The Coalition for Cocoa Sector Reforms (CCSR) has called on government through Ghana Cocoa Board (COCOBOD) to reconsider the 2022/23 producer price announced to avoid negative implications the new GH¢800 per bag of cocoa beans will have.
It said farmers over the last two decades were always assured of over $100 out of the world market price for each bag of cocoa sold through the FOB pricing mechanism used in setting the price for the commodity.
Therefore, the Coalition described as unfortunate and surprising the less than $80 (GH¢800) that government awarded to farmers this year for a bag of cocoa
The group said this is rather a decrease in producer price than an increase hence COCOBOD must come again adding that in these times of increasing inflation, prices of inputs, fuel and economic hardship, this treatment to hardworking cocoa farmers must change.
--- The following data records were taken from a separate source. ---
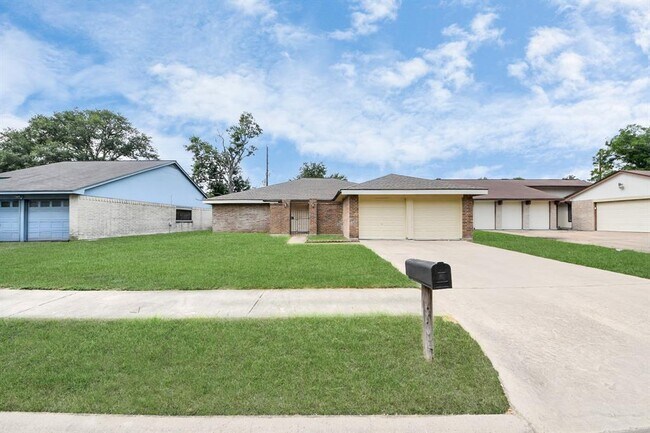 Building Photo - 13610 Piney Oaks Dr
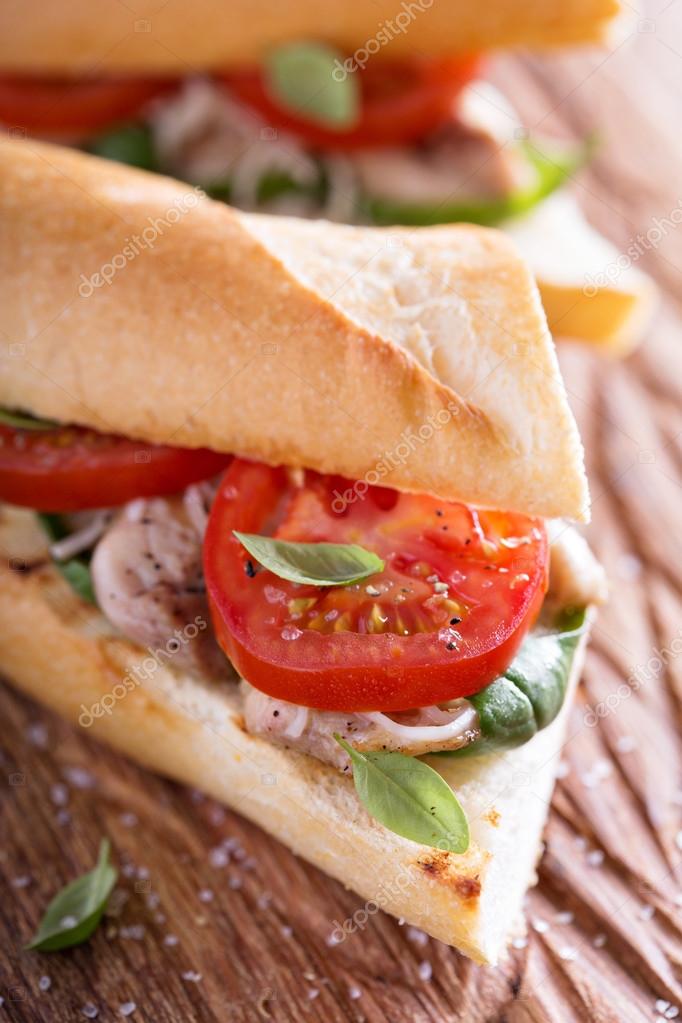 Sandwich de pollo a la plancha con albahaca y tomates 2023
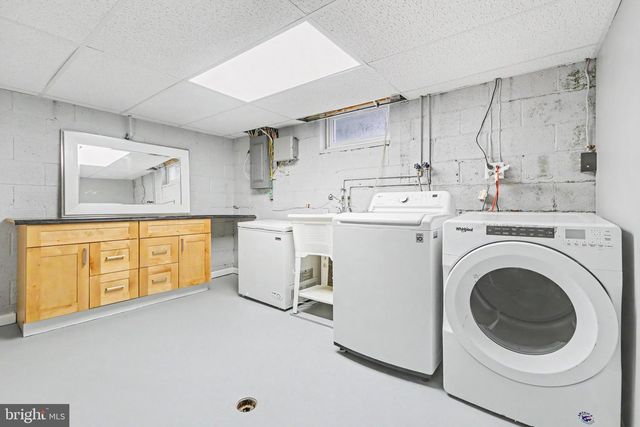 2003 DICKINSON AVE, Camp Hill, PA 17011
A statement jointly signed by Mr Ayisi Kumah Thomas Kwesi-President, and Mr Hedidor Alexander Yaw-Secretary of the coalition respectively said the producer price announced by the Minister of Food and Agriculture was not only low but demotivating and should therefore be reviewed.
It said the analysis carried out by the Coalition showed that further reduction of Cocoa price was a disincentive to cocoa farmers and would lower productivity, given the fact that both Cost of living and Cost of production had increased astronomically in Ghana, owing to inflation and rapid depreciation of the cedi against the Dollar.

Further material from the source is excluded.